À l'automne 2019, juste avant la fermeture des frontières mondiales, une association internationale de journalistes a décidé de solliciter ses membres sur un sujet qui revenait sans cesse dans les conversations informelles: que fait la Chine?

< p>Ce qu'il a découvert était étonnant de par sa portée. Des journalistes de pays aussi petits que la Guinée-Bissau ont été invités à signer des accords avec leurs homologues chinois. Le gouvernement chinois distribuait des versions de son journal de propagande China Daily en anglais – et aussi en serbe. Un journaliste philippin a estimé que plus de la moitié des articles sur un fil de presse philippin provenaient de l'agence d'État chinoise Xinhua. Un groupe de médias kényans a collecté des fonds auprès d'investisseurs chinois, puis a renvoyé un chroniqueur qui a écrit sur la suppression par la Chine de sa minorité ouïghoure. Les journalistes au Pérou ont été confrontés à d'intenses critiques sur les réseaux sociaux de la part de responsables du gouvernement chinois combatifs.

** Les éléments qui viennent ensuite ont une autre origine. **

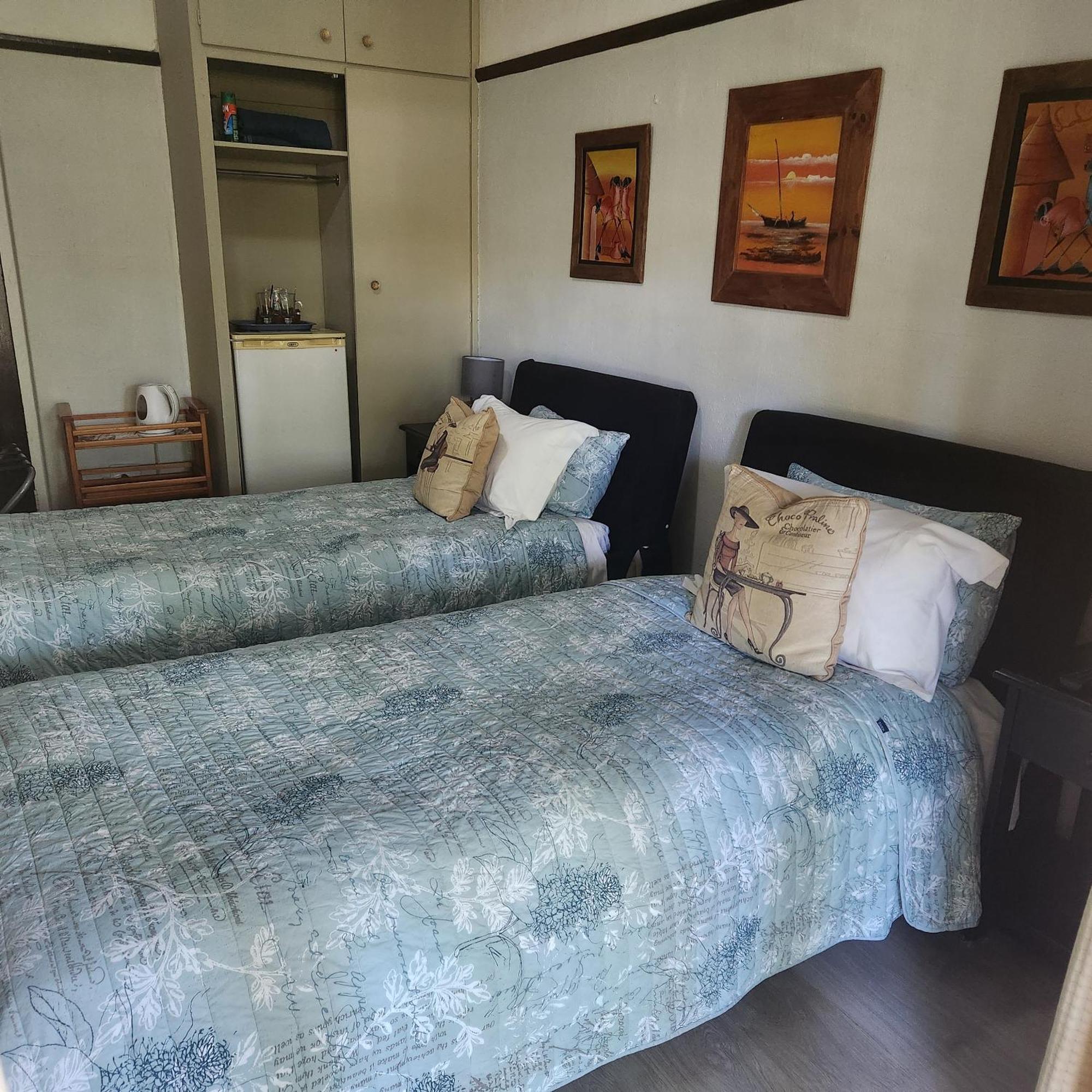 Beit Shalom Before Known As Best Little Guesthouse Oudtshoorn Bagian luar foto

Ce qui semblait, dans chaque pays, ressemblait à une étrange anomalie locale ressemblait, en somme, à une stratégie vaste, bien que disparate, pour créer une alternative à un média d'information mondial dominé par des médias comme la BBC et CNN, et d'insérer l'argent, le pouvoir et la perspective chinois dans les médias de presque tous les pays du monde.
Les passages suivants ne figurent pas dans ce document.